One theory of planet formation holds that they begin life as small dusty grains and over time bulk up due to collisions. Eventually these proto-planets are large enough to carve out gaps in the swirling dust disc. This is known as a transitional disc and over time is replaced by a disc made up of debris resulting from more dramatic collisions between asteroids, comets and planets.
The warm glow of the transitional discs can be detected by Spitzer and used to map out their morphology. Muzerolle and colleagues focused on young stars around two to three million years old with known transitional discs. LRLL 31 was one of the candidates selected within the star-forming region of the constellation Perseus, and was studied for five months.
The observations revealed that light from the inner region of the star’s disc changes every few weeks, and, in one instance, in only one week, with both the intensity and the wavelength of infrared radiation varying with time. “Transition discs are rare enough, so to see one with this type of variability is really exciting,” says co-author Kevin Flaherty of the University of Arizona.

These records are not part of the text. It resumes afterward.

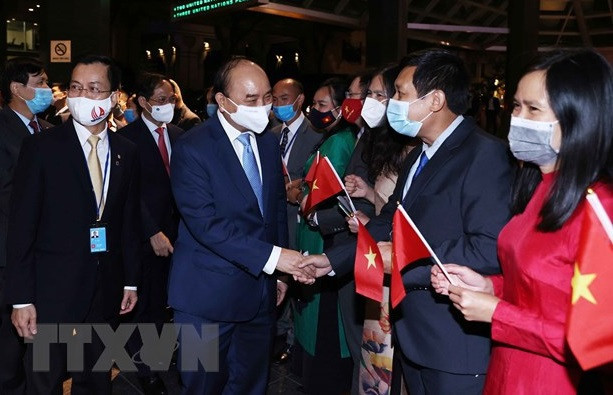 Le président Nguyen Xuan Phuc rencontre des Viêt kiêu à New York ảnh 1 Le président Nguyen Xuan Phuc rencontre des Viêt kiêu à New York ảnh 1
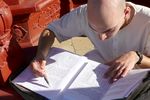 Krisna-völgyi szerzetes szanszkritot tanul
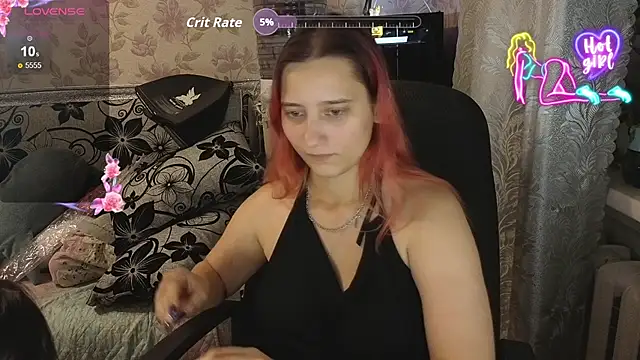 RachelPirce - Show your chest.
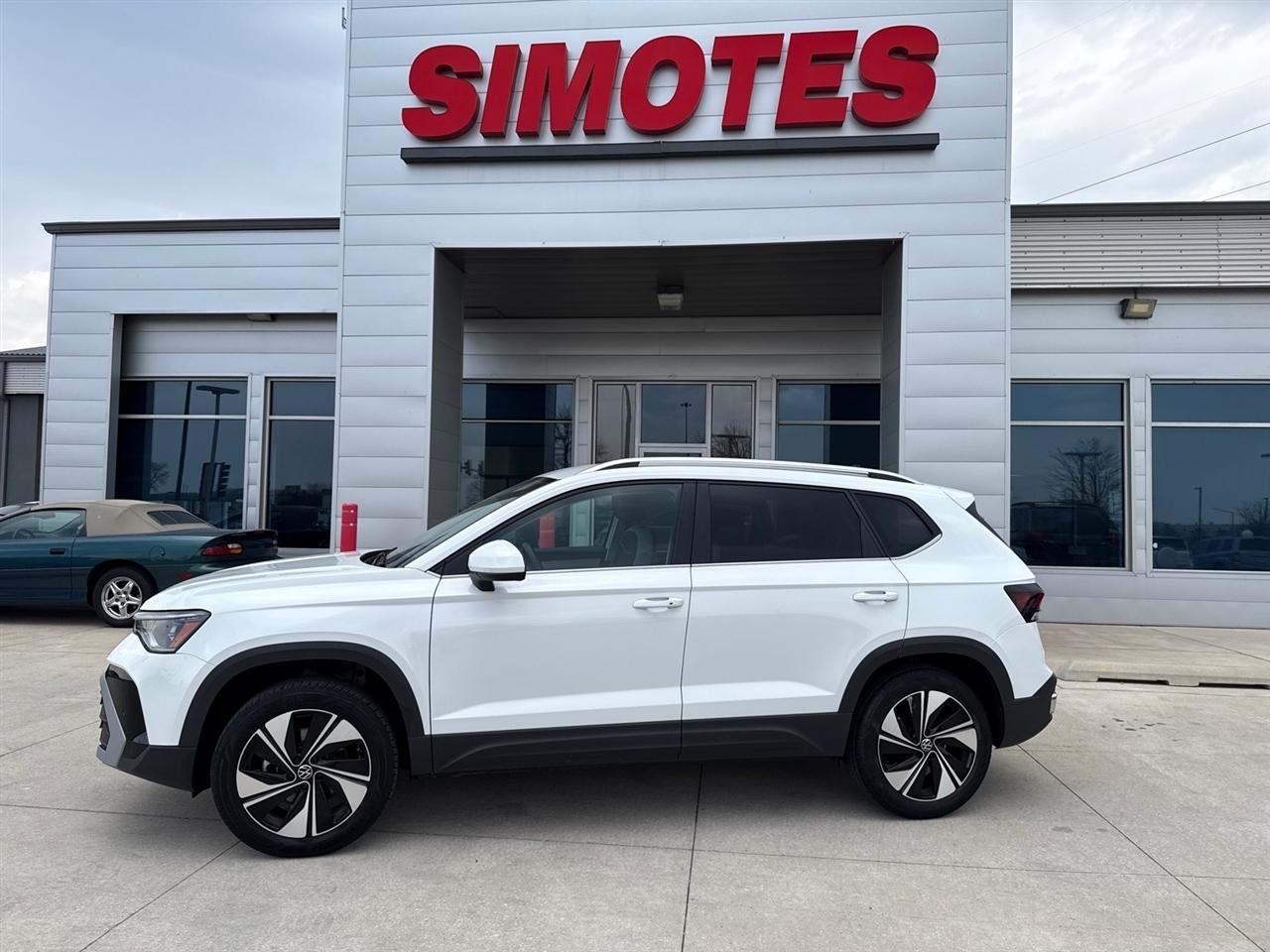 2025 Volkswagen Taos SE 4Motion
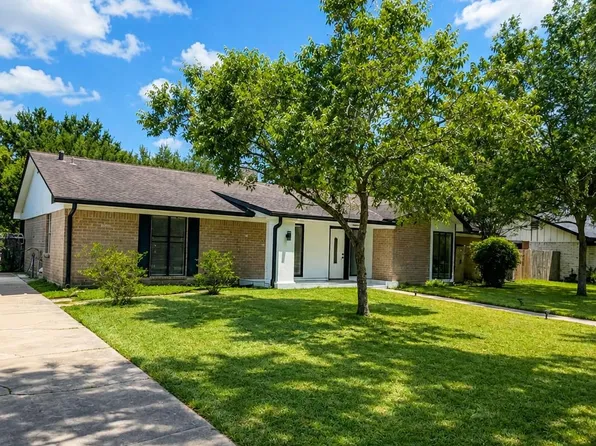 104 Burgundy Ln, League City, TX 77573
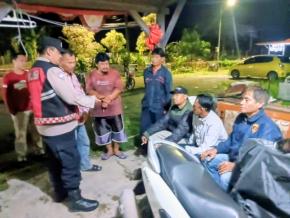 Upaya Aipda Ade Suryana Anggota Polsek Batujaya melaksanakan Giat Ngawangkong pada malam hari bersama Masyarakat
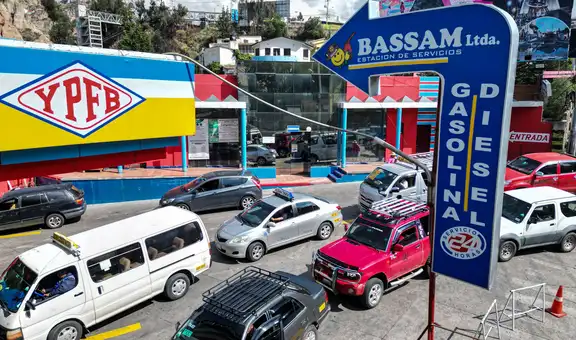 Bolivia autoriza importación privada de combustibles por 3 meses para enfrentar la escasez nacional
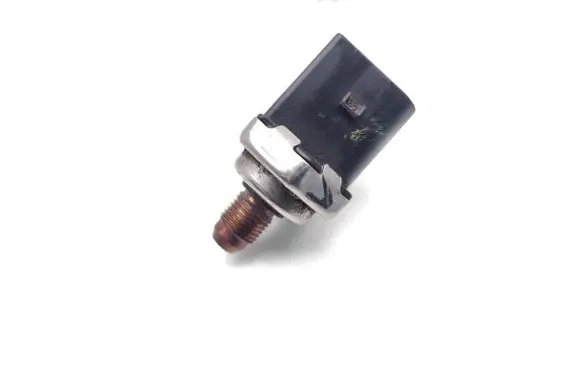 Skoda Fabia Mk3 (NJ) Fuel pressure sensor 04C906054C 810PP0301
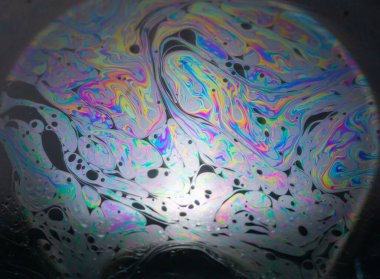 Su yüzeyindeki yağ deseni....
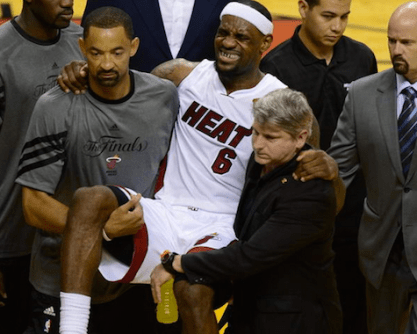 lebron-james-cramps-game-2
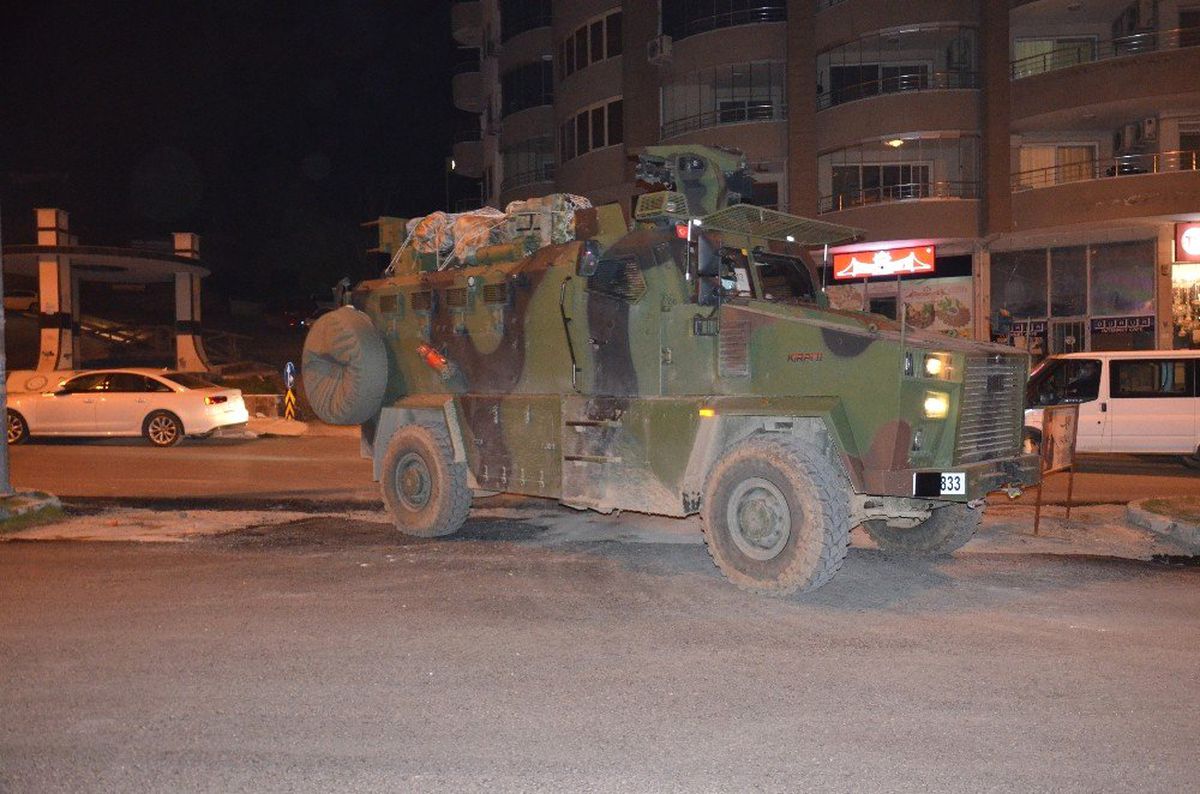 Suriye Sınırına Askeri Araç ve Mühimmat Desteği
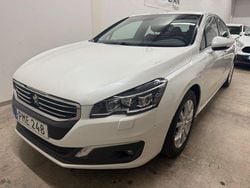 Vit (vit metallic) Begagnad 2016 Peugeot 508 Sedan | 114 500 kr (Marknadspris)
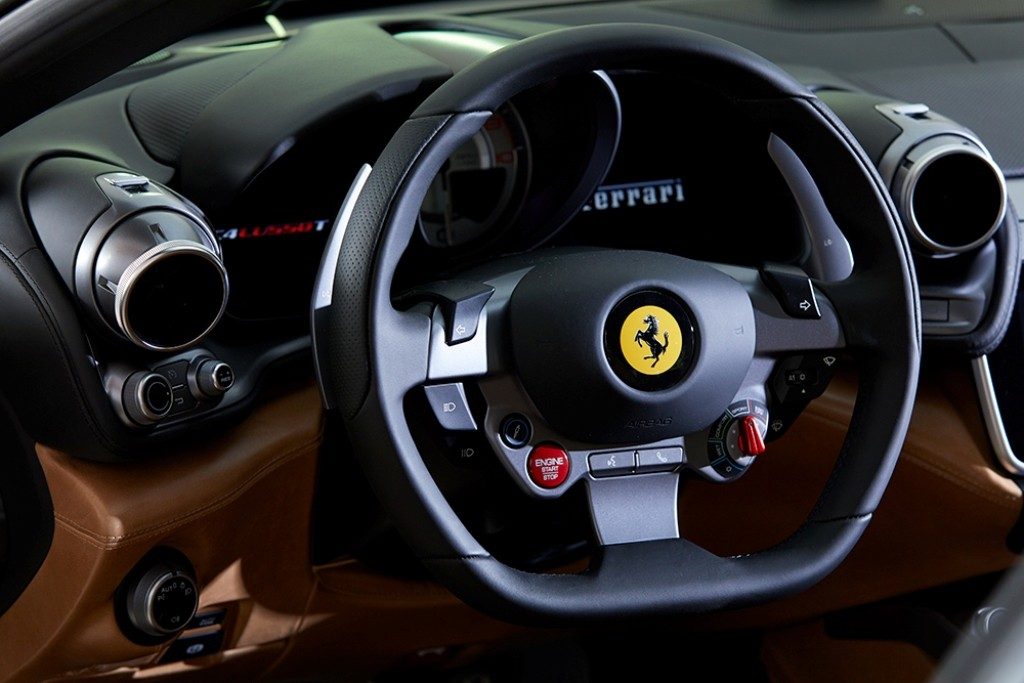 Menikmati "The Art of Ferrari Tailor Made" di Jepang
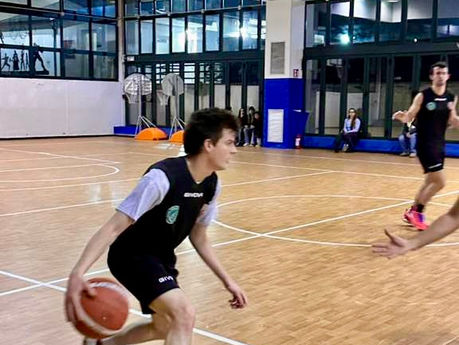 The Cost of the Short Bench: The AUR Wolves’ Gritty Night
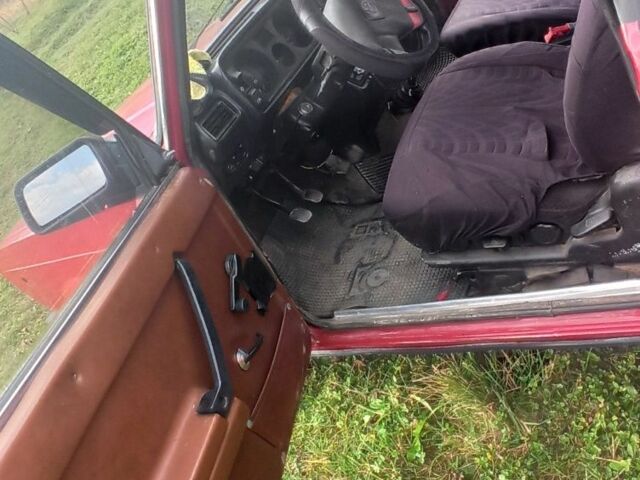 Красный ВАЗ 2105, объемом двигателя 0 л и пробегом 403 тыс. км за 550 $, фото 4 на Automoto.ua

The scientists suggest that a companion to the star, located in the gap of the disc, would periodically change the height of the inner disc rim as it circles around its host to produce the observed phenomena. “A higher rim would emit more light at shorter wavelengths because it is larger and hot, but at the same time, the high rim would shadow the cool material of the outer disc, causing a decrease in the longer-wavelength light. A low rim would do the opposite,” says co-author Elise Furlan of NASA’s Jet Propulsion Laboratory. “This is exactly what we observe in our data.” But the companion would have to be as close to the star as one-tenth the distance between Earth and the Sun in order to move the material around so fast.
The next step will be to employ ground-based telescopes to see if the suspected companion is tugging on the star hard enough to be detected. Spitzer will also return to the subject again as part of its warm mission. “For astronomers, watching anything in real-time is exciting,” says Muzerolle. “It’s like we’re biologists getting to watch cells grow in a petri-dish, only our specimen is light-years away.”
Muzerolle and his colleagues' work is presented in a forthcoming issue of the Astrophysical Journal Letters.